Belarusian Olympic body elects Lukashenko’s son as leader

MINSK, Belarus — The Belarusian Olympic Committee elected the son of President Alexander Lukashenko as leader on Friday, despite both men being suspended by the IOC and barred from the Tokyo Games.

The decision increases the chance of Belarusian athletes having to compete as an independent team under the Olympic flag in Tokyo.

Viktor Lukashenko was previously the national Olympic body’s vice president under his father, whose disputed victory in state elections last August led to ongoing protests in the former Soviet republic.

Both men were suspended by the International Olympic Committee in December for failing to protect athletes who took part in protests from discrimination.

“This is contrary to the fundamental principles of the Olympic Charter and therefore seriously affects the reputation of the Olympic movement,” IOC president Thomas Bach said in December.
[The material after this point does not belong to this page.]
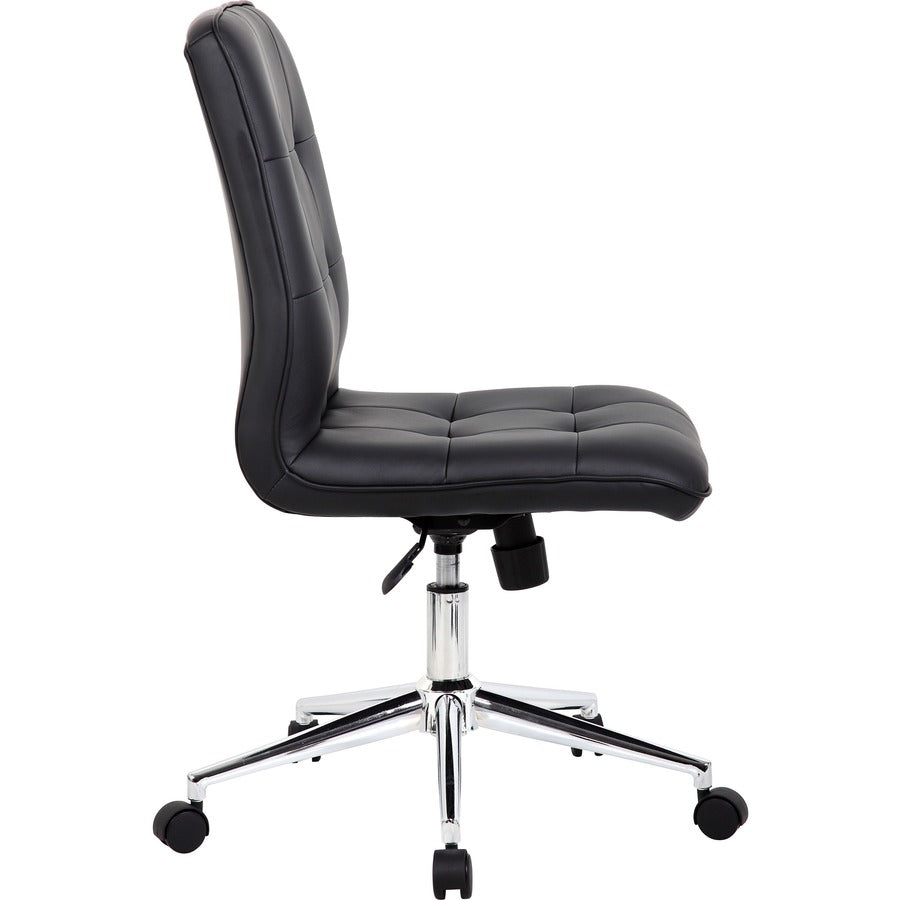 Boss Modern B330 Task Chair - Black Seat Color - Vinyl Seat Material - Chrome, Black Frame Color - Chrome Frame Material - 5-star Base - Black - 1 Each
Asked on Wednesday about the pending vote in Belarus, Bach said the IOC was monitoring but he would not speculate on possible consequences.

Alexander Lukashenko urged delegates to vote for his son in a statement posted on the national Olympic body’s website.

“There will be no theft, corruption, misuse of money under his leadership,” Alexander Lukashenko said. “Athletes and coaches will be treated kind and fair.”

Viktor Lukashenko, who advises his father on national security, is also under European Union sanctions that prevent him from traveling in the 27-nation bloc.

The EU has not recognized the state election result that returned Alexander Lukashenko for a sixth term.

Neither of the Lukashenkos is currently allowed to attend the Tokyo Olympics, which are scheduled to open on July 23.

“As for me, I will still keep in touch with what is going on in sport,” Alexander Lukashenko said Friday.

The IOC will continue to help fund Belarusian athletes preparing for upcoming Olympics by paying scholarship money directly to them. Payments to the Belarusian OIympic Committee have stopped.